In the Recon run mode branch of Process::run, there is a check for if the processing has reached the event limit.

https://github.com/LDMX-Software/Framework/blob/638f0a1a010e85453c44a58d1de163933cb62959/src/Framework/Process.cxx#L262-L263

This check is only within each input file though, so that is the bug causing the input files to continuously be opened and immediately closed after the event limit is reached. What's concerning to me is that this is eventually causing a seg-fault. The Bus::everybodyOff function clears the internal event object map thereby deleting all event objects from memory, I'm not sure how it is obtaining pointers that have been already deleted.

Adding a break; in the following blocks and moving these blocks to after the input/output files are closed should resolve this issue.
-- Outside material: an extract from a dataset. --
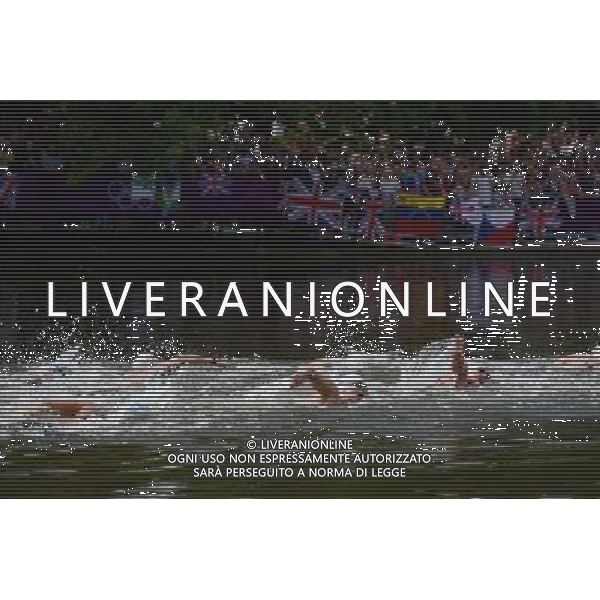 (120809) -- LONDON, Aug. 9, 2012 () -- Athletes compete during women\'s 10km marathon at London 2012 Olympic Games, London, Britain, Aug. 9, 2012. Eva Risztov of Hungary won the gold medal with 1:57:38.2. (/Tao Xiyi)(zgp) ©photoshot/AGENZIA ALDO LIVERANI SAS - ITALY ONLY - GIOCHI OLIMPICI, OLIMPIADI LONDRA 2012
https://github.com/LDMX-Software/Framework/blob/638f0a1a010e85453c44a58d1de163933cb62959/src/Framework/Process.cxx#L294-L300

I am working on writing a small testing area for this so I can validate that this works.

tomeichlersmith commented 2 years ago

I am not able to reproduce the crash; however, I am able to observe the open/close of the files after the event limit is reached. I will try implementing the fix and then see if that resolves the crashing.